A Disciples Divinity House Scholar and a BA graduate of Eureka College, Mr. Collins received the MDiv degree from the University of Chicago Divinity School on December 9, and was ordained on December 17 at his home congregation, First Christian Church, Albany, Oregon. Cynthia Linder preached at his ordination service. She was his minister in Albany before becoming the Director of Ministry Studies at the Divinity School. Presiding were FCC Pastor Douglass Anne Cartwright and Oregon Regional Ministers Doug and Cathy Myers Wirt. Dean Kris Culp and fellow House Scholars and Eureka alums Judith Guy and Colton Lott participated in the service; Kiva Nice-Webb was the soloist.

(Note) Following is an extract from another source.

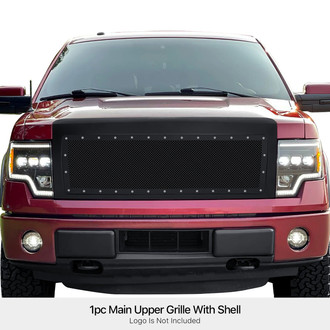 APG® - 1-Pc Black 1.8 mm Wire Mesh Main Grille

The Constructive Theologies Project (CTP) convened its fall conference, “Justice: Applied Theology and Transformation,” on November 10-12. Dietra Wise-Baker, Minister of Liberation Christian Church in St. Louis, conversed with the group about theological resources for defining and locating justice in congregational leadership and community organizing. They watched the documentary, “Injustice Anywhere,” and a short film by Tosin Morohunfola, “On Sight,” and discussed the role of film and media in contemporary theological formation. Throughout the conference, CTP members employed a dialogical approach to community reflection, “witness and response.” The next conference will take place at Claremont School of Theology in late February 2017. The project is made possible in part by a generous grant from the Oreon E. Scott Foundation. Associate Dean Yvonne Gilmore is the project director; Allie Lundblad coordinates the CTP.